Legitimamente eleito, Chávez chegou a Miraflores em 1999 e deu início à perseguição sistemática de seus adversários e às promessas de trazer de volta o sonho de Simon Bolívar, o general que, em 1819, havia comandado a campanha vitoriosa que tornou a Venezuela, a Colômbia, o Equador e a Bolívia independentes da Espanha. O desejo de Bolívar era unir toda a América Latina numa confederação que se estendesse do Rio Grande, a fronteira do México com os Estados Unidos, até o extremo sul da Patagônia.
Chávez nunca escondeu a intenção de, em nome do devaneio de Bolívar, reunir os países da América do Sul sob uma espécie de federação de governos de esquerda. E fez o que pôde para alcançar esse objetivo. Embora esse seja um assunto delicado, sobre o qual jamais houve investigações esclarecedoras, há evidências de que ele usou um pouco do dinheiro que a Venezuela tinha de sobra nos momentos iniciais de seu governo para ajudar a financiar a campanha vitoriosa de Lula à presidência da República, em 2002. No ano seguinte, irrigou com dólares e mais dólares a campanha do peronista Nestor Kirchner à presidência da Argentina.

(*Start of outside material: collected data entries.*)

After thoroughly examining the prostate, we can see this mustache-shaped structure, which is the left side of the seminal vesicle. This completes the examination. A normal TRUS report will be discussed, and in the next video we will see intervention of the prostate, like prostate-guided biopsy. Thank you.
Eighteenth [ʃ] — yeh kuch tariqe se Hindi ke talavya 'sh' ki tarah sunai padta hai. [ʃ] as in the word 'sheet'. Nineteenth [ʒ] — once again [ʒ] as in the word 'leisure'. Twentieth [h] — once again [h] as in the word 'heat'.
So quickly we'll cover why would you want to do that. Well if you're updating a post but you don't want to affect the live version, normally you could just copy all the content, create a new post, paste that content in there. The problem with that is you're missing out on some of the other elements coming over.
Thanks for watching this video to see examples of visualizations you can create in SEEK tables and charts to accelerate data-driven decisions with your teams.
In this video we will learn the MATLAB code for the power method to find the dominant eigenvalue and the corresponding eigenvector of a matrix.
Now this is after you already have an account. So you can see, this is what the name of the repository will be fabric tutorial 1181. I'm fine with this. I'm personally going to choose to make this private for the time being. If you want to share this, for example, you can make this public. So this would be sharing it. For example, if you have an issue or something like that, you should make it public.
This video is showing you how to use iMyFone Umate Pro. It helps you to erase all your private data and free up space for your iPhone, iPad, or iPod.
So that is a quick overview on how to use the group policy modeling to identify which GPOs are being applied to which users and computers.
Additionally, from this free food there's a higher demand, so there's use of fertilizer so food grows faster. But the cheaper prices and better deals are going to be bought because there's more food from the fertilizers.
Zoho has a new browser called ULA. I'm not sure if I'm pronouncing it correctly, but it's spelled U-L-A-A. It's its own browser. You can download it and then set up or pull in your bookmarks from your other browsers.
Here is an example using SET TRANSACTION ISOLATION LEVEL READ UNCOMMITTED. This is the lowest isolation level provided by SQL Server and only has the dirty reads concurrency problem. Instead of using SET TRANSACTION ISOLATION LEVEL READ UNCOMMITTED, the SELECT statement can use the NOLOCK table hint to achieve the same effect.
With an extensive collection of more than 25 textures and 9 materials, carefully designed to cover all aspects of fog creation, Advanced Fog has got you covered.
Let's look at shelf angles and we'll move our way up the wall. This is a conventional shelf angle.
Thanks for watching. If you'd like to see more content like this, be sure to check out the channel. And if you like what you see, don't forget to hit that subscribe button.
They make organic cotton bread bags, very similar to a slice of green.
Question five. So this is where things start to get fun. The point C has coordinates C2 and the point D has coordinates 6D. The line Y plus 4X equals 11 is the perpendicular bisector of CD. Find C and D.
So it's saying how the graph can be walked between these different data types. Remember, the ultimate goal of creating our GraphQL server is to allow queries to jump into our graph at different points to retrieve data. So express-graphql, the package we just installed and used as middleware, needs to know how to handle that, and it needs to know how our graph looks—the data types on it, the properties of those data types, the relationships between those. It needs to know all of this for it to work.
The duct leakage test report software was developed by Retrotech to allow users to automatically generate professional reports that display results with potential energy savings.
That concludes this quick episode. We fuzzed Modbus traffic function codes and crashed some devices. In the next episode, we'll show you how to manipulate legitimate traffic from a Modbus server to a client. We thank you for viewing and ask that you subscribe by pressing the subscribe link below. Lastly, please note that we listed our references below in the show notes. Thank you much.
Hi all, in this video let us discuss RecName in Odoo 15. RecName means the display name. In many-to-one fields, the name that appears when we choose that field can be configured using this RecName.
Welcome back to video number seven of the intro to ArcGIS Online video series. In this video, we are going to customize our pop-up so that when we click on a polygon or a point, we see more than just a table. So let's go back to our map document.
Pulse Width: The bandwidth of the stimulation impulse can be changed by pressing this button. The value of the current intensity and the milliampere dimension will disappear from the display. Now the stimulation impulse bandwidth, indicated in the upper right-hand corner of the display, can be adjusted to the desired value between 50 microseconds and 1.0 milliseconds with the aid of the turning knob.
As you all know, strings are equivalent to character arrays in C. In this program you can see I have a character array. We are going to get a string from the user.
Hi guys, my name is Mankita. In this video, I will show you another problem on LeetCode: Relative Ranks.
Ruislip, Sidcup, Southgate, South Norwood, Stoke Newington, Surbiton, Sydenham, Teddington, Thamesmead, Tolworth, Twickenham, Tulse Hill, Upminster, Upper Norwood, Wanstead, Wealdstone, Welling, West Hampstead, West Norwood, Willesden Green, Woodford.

Com gastos desse tipo, altos investimentos militares, programas sociais implementados sem o menor planejamento e a despreocupação com a saúde das contas públicas típica dos populistas, a pujante Venezuela não demorou a entrar em declínio. Para piorar, o preço do barril de petróleo, que andava perto dos US$ 100 no início do século, sofreu uma queda vertiginosa e aumentou ainda mais as dificuldades causadas pela corrupção e pela incompetência da administração de Chávez.
O governo se manteve de pé, mas logo passou a ter dificuldades para encontrar outros países dispostos a negociar com ele. E acabou se tornado uma companhia indesejada no mundo inteiro. Governada por uma elite militar, sindical e narcoterrorista e sustentada no poder pela truculência da Milícia Nacional Bolivariana, uma guarda pretoriana que abusa da violência para manter a população sob controle, o certo é que a Venezuela enfraquecida pela crise econômica crônica e pela falta de apoio internacional não tem a mínima condição, por mais que Maduro acredite nessa ideia, de sair vitoriosa numa campanha militar pela posse de Essequibo.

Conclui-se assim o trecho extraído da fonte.